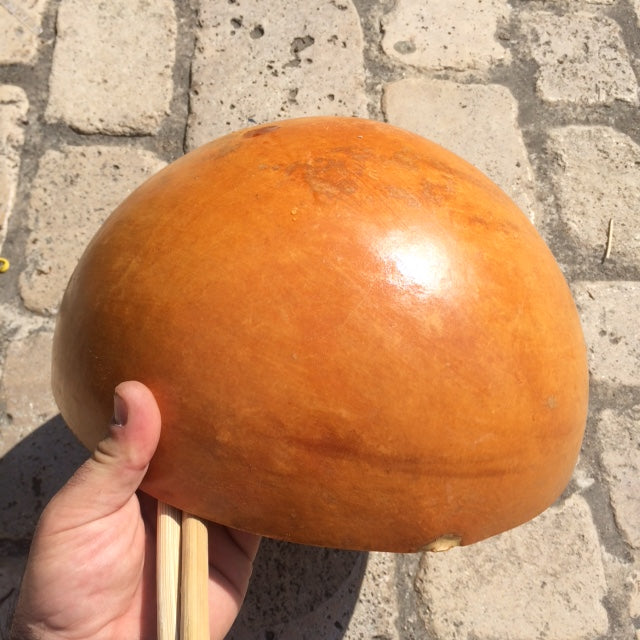 TAMBOUR A EAU/ WATER DRUM du Ghana, Ø 30, 40 ou 50cm x 17 à 20cm de hauteur, vendu avec 2 baguettes et housse. Magnifiques sonorités !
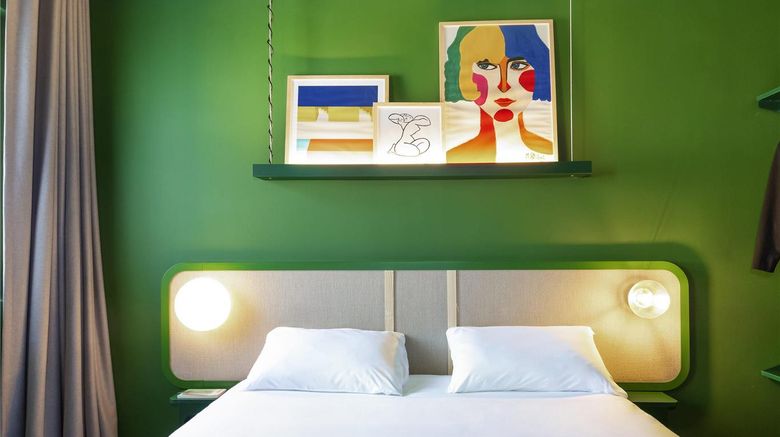 <b>Ibis Styles Salon De Provence Room</b>. Images powered by <a href="https://iceportal.shijigroup.com/" title="IcePortal" target="_blank">IcePortal</a>.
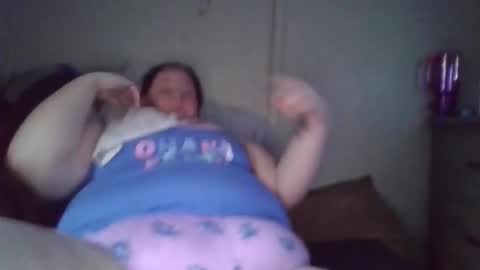 madampumkin online show from April 24, 11:18 pm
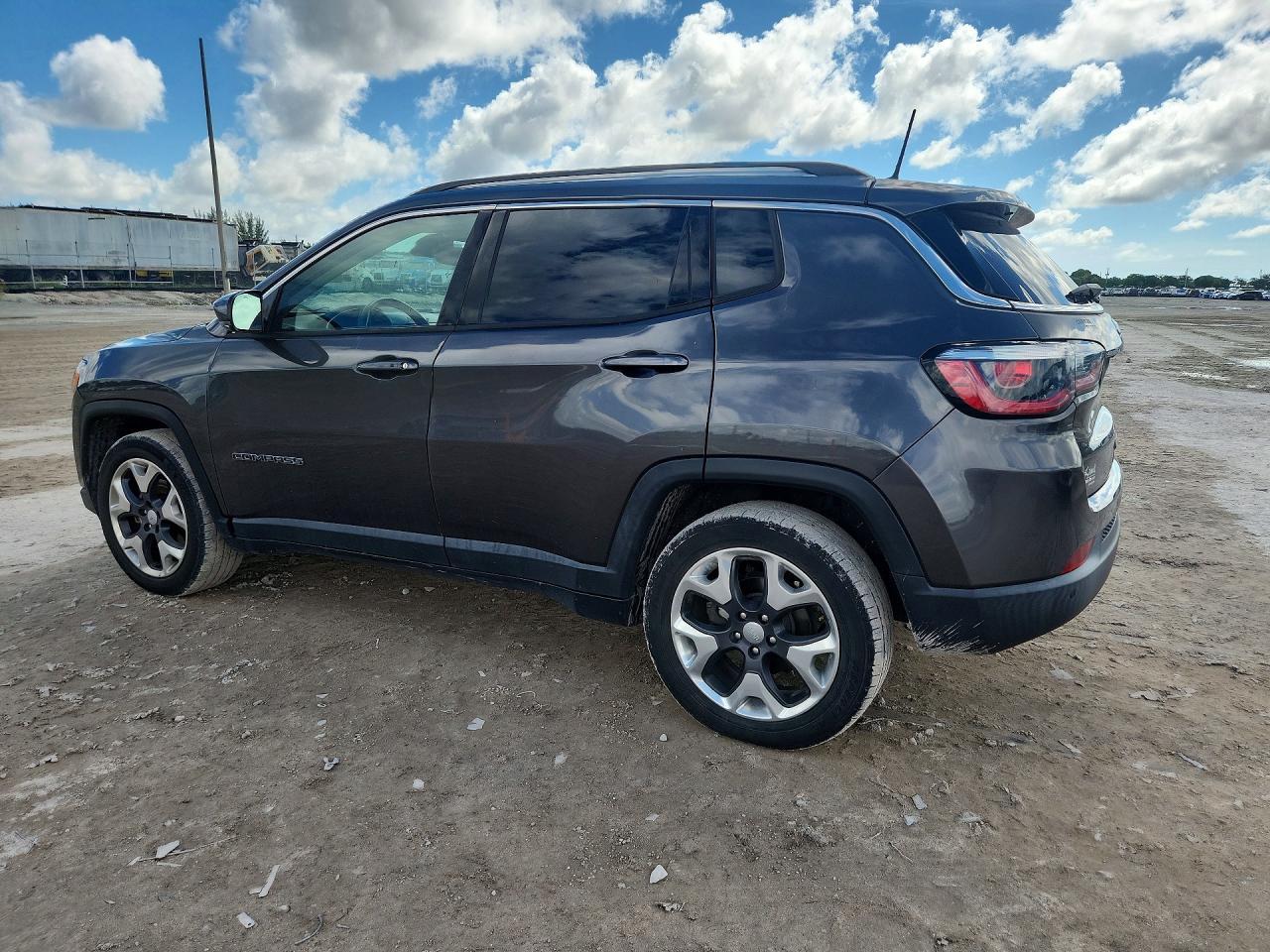 2018 Jeep Compass Limited - Фото 2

◇ ◇ ◇ ◇

§ **What needs to be done**: Please copy the data shown above, line by line and exactly, omitting the images.

§ **Response area**:
 TAMBOUR A EAU/ WATER DRUM du Ghana, Ø 30, 40 ou 50cm x 17 à 20cm de hauteur, vendu avec 2 baguettes et housse. Magnifiques sonorités !
 <b>Ibis Styles Salon De Provence Room</b>. Images powered by <a href="https://iceportal.shijigroup.com/" title="IcePortal" target="_blank">IcePortal</a>.
 madampumkin online show from April 24, 11:18 pm
 2018 Jeep Compass Limited - Фото 2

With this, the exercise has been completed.